"Hephaistos! Master," he cried in terror, "desert me not here! Strength! Grant me strength!"
He struggled madly. He clawed at the very rock of the floor, and dragged himself inch by inch toward the death he sought. His breath came in gasps. His jaw fell. The iron spirit of the man held back dissolution itself until his will was accomplished. Groping and crawling, he reached at last the polished chute in the rock, cut there by the priests centuries before and worn smooth by the passing of thousands of Sardanians.

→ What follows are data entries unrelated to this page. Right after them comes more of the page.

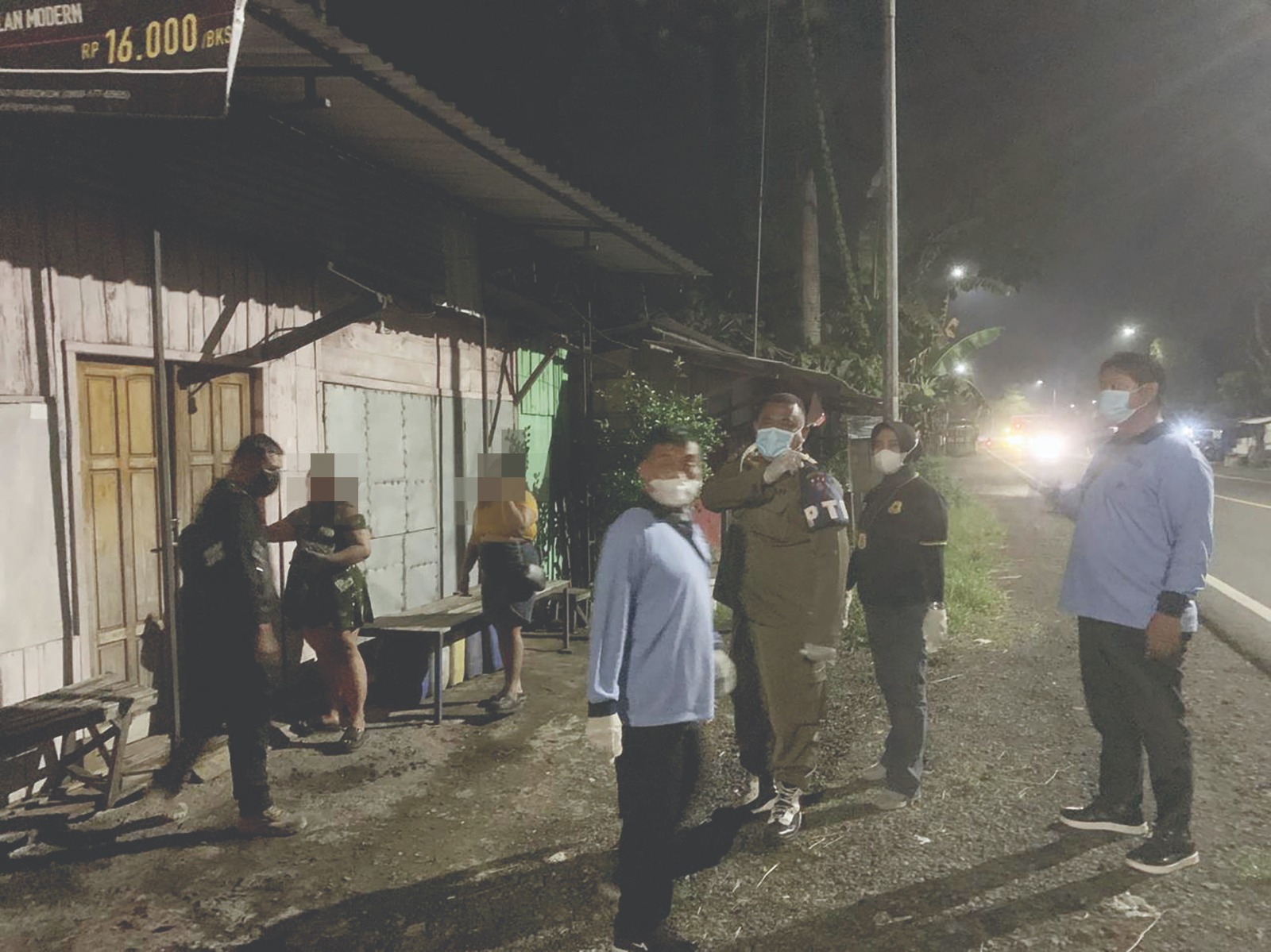 Petugas Satpol PP merazia warung remang-remang di Caruban, Madiun dapati seorang PSK positif HIV. FOTO: ISTIMEWA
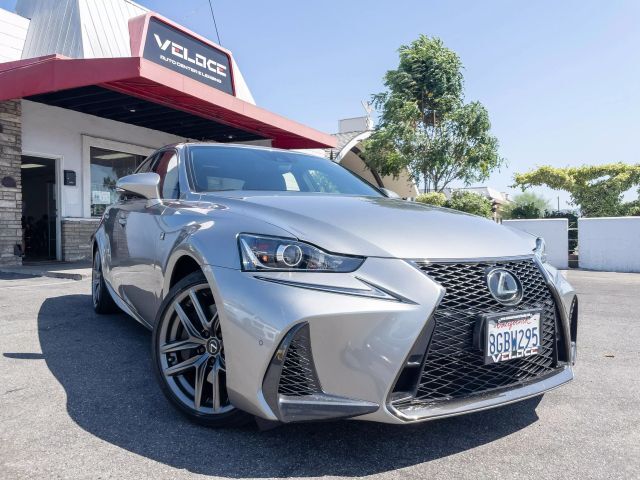 2019 LEXUS IS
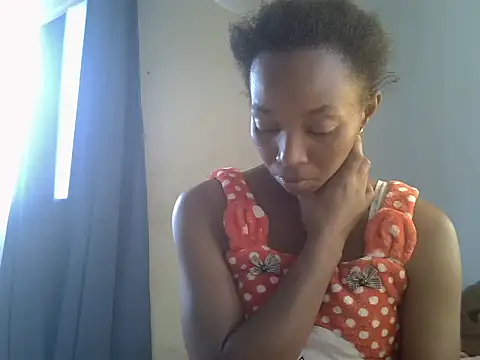 ElianeHot online show from February 28, 7:53 am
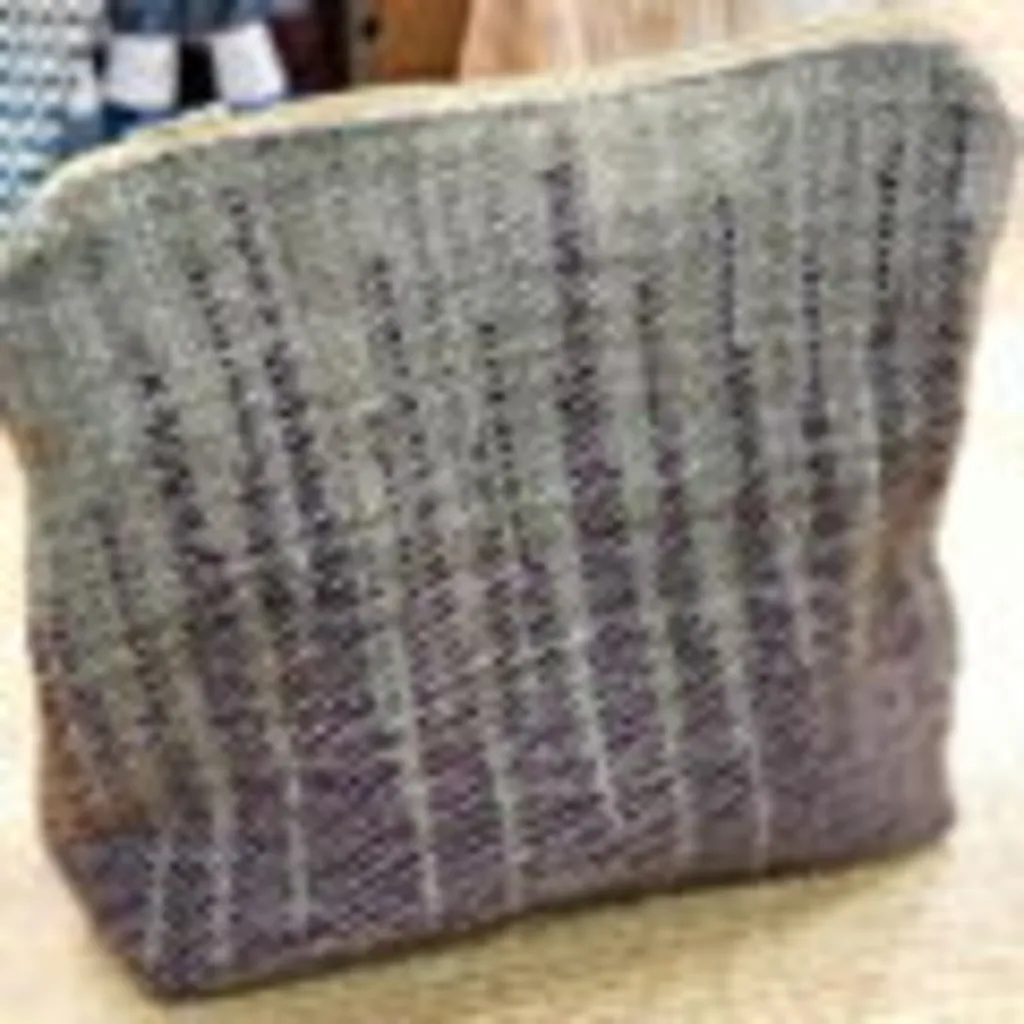 Make a Clasped Weft Zippered Purse using the Rigid Heddle Loom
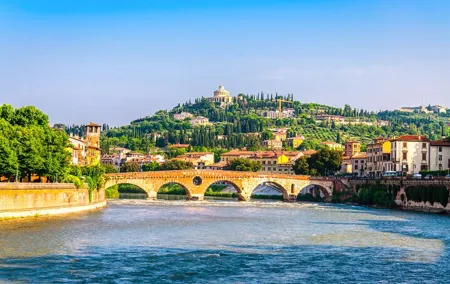 Verona - City of Lovers: Full-Day Private Tour from Venice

"I thank thee, master," he sighed, content. He rolled into the chute, and his body shot downward and outward above the fiery lake. His red robe spread wide as he took the plunge, like the wings of some immense crimson bird swooping downward from a flaming sky to a blazing sea.
Minos the king stood by his fire on the hill of Latmos. With folded arms he stood, and the Lady Memene sat near to him on a log of hymanan wood cut for the burning. Their eyes strained across the white Sardanian valley. Both were silent. They saw the long procession of those about to die sweep up the fire-lighted steeps of the Gateway to the Future. They heard the chant of death from two thousand throats as the people marched across the upper terrace and through the gloomy portal of the cliff, to the music of the trumpeters and the booming of the drum of time.
When the last man had passed within, they still heard the muffled thunder of the drum. Then that ceased also. Strong spirited as were they both, their hearts seemed to stop with it.
"Now art thou and I and Kalin the last Sardanians in the living world," the king said. So he spoke, not knowing that under the rocks and the snows, many long leagues to the northward, Kalin, the priest, lay asleep where Polaris Janess had left him nearly two years before.
"That end is come which the priest preached and the people feared," he continued, "the end which Minos could not believe would come. Nor doth he believe yet, nor will so believe, that it is wrought of a god. Nature hath withdrawn her mercy, and all things in Sardanes die.
"Believing not, Minos hath tarried. Now he is a king no longer. He hath no people left to rule. Naught remaineth but a snow-swept valley which death hath touched."
From her seat on the log the girl arose. She stood in front of Minos, so close that her soft breath fanned his cheek. A slow, red flush that was not of the firelight overspread her features. Her dark eyes flashed like jewels. She spoke, and her heart was in her voice.